1899-ish Model M by VW Sightings, on Flickr


----------



## carlitos60 (Jun 18, 2014)

*Just Me!*

Super Nice!!  Looks Like a Cleveland!!!!

Love that Nice Chain Ring/Crank!

I Think that the Chain Adjusters are Inside Out!!!!!


----------



## filmonger (Jun 19, 2014)

Cool Bike.....Interesting chainring


----------



## MrColumbia (Jun 19, 2014)

carlitos60 said:


> Super Nice!!  Looks Like a Cleveland!!!!
> 
> Love that Nice Chain Ring/Crank!
> 
> I Think that the Chain Adjusters are Inside Out!!!!!




Not a Cleveland, they had numbers, not letters for model designation.


----------



## Iverider (Jun 20, 2014)

Thanks for marking Cleveland off the list! Narrowing it down one by one 

I've been scouring the net for diamond shaped badges that look similar to the remnants still attached to the frame and came across these.



Screen Shot 2014-06-18 at 12.33.15 PM by VW Sightings, on Flickr



Screen Shot 2014-06-18 at 12.30.39 PM by VW Sightings, on Flickr

The Fowler badge didn't photoshop proportionately to the headtube, but the Western Wheelworks did. Unfortunately, there's not much that I see about my bike that would make it a Western Wheel Works bike from the photos I've seen.


----------



## bricycle (Jun 20, 2014)

Just have Xavier make you a peaked kustom Krautwagon badge. = B.R.I. Krautwagon..... Made in Indiana.


----------



## Iverider (Jun 20, 2014)

Could do that! I was thinking about making an 1899 badge or something like that. "Krauter Rad" (Rad=bicycle in German).

I did this cribbage board a few years ago for my dad. It was my first etching so it's not the best ever. Some of the acid ate through the transfer. I did this via the Laser Toner masking method.

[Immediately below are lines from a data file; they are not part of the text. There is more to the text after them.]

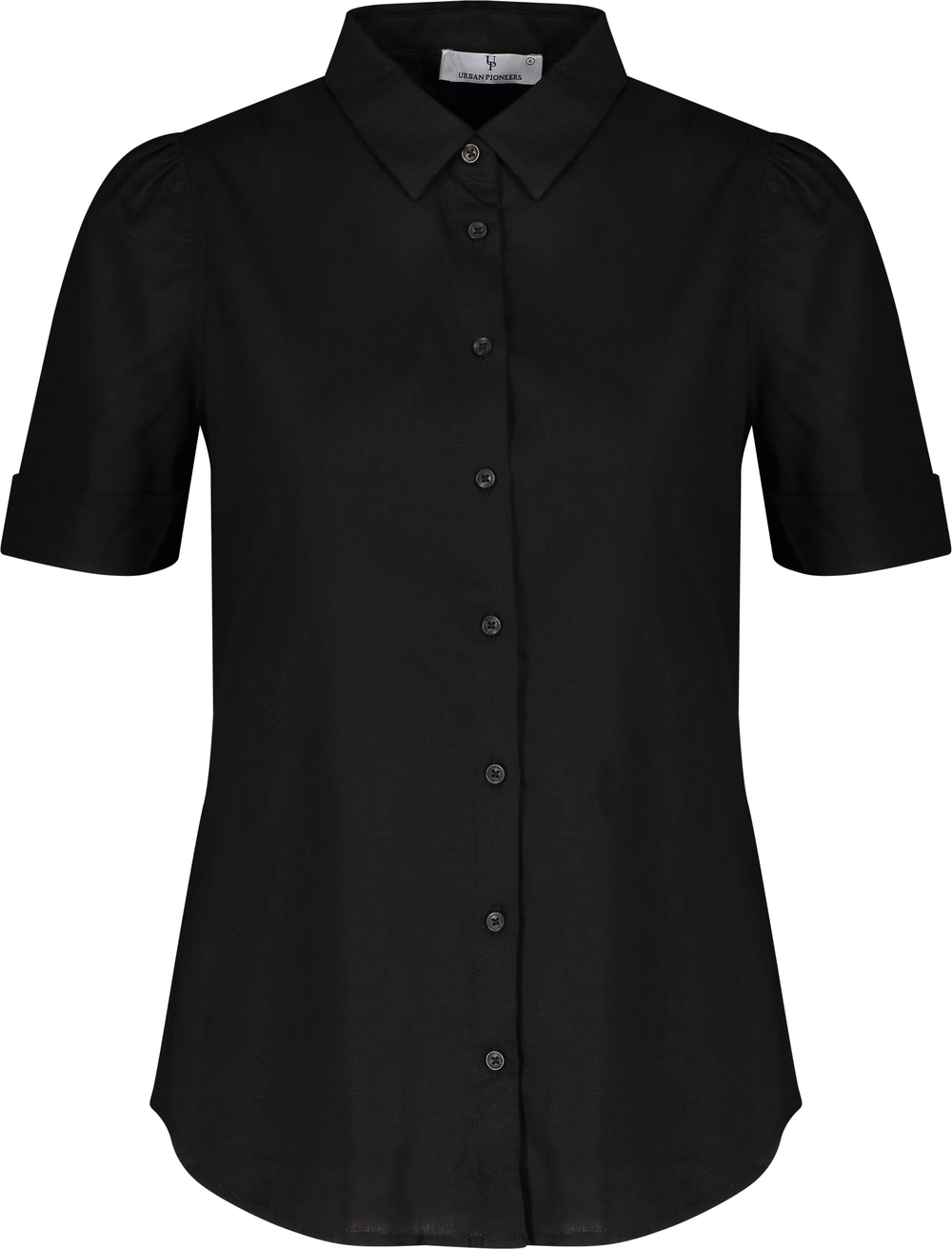 Urban Pioneers Female Deborah Shirt SHIRT BLACK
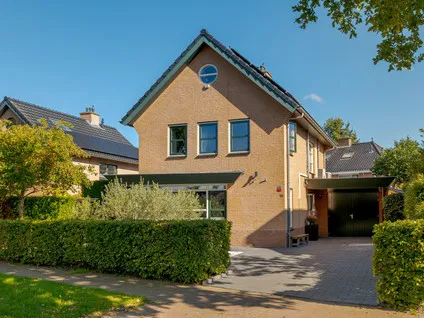 Vrijstaande woning te koop: Homaat 14, Westerbork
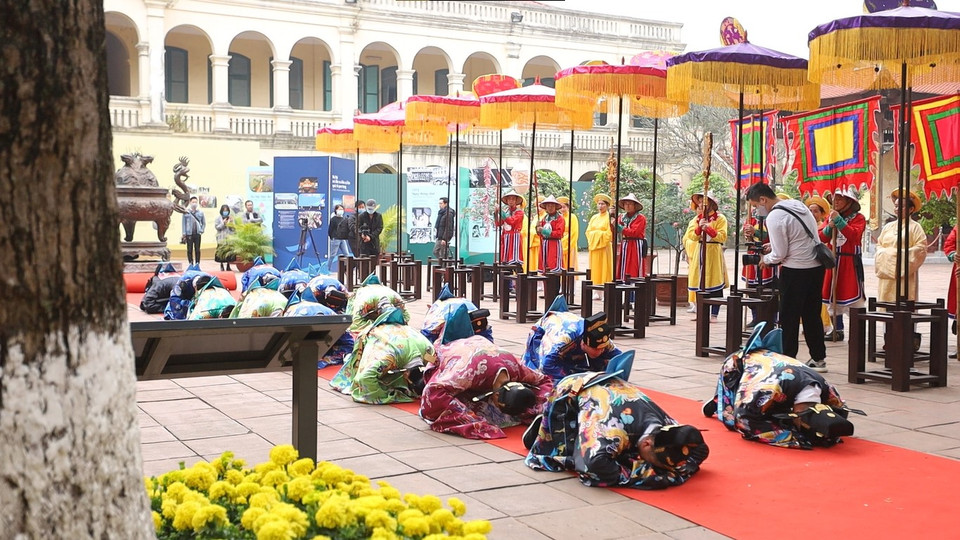 (Ảnh: PV/Vietnam+)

IMG_0399Small by VW Sightings, on Flickr


----------



## bricycle (Apr 28, 2016)

Any progress on this one?


----------



## Iverider (Apr 28, 2016)

Unsure. it was sold a few years ago. It went to Oregon.


----------



## mongeese (Apr 28, 2016)

I have a very similiar bicycle. Very alike in many says just a tad later. If anyone interested to match up let me know.


----------



## Junkhunter (Apr 28, 2016)

Just guessing, but my brain is telling me Gendron? Seen that chain ring somewhere before...


----------



## highwheel431 (Apr 29, 2016)

Gendron used numbers, however the low grade model Reliance that was made by Gendron used an alpha designation.  Not sure where an "M" would fit in as 1897 & 1898 have Models C & D. 190X?


----------



## Iverider (Apr 29, 2016)

Looking through different makes over the years I never found any manufacturer to go the Model M. Although I no longer own the frame set I still keep my eyes open for similar frames and literature. I'm sure I'll never know what it is, but it gives me something to do!


----------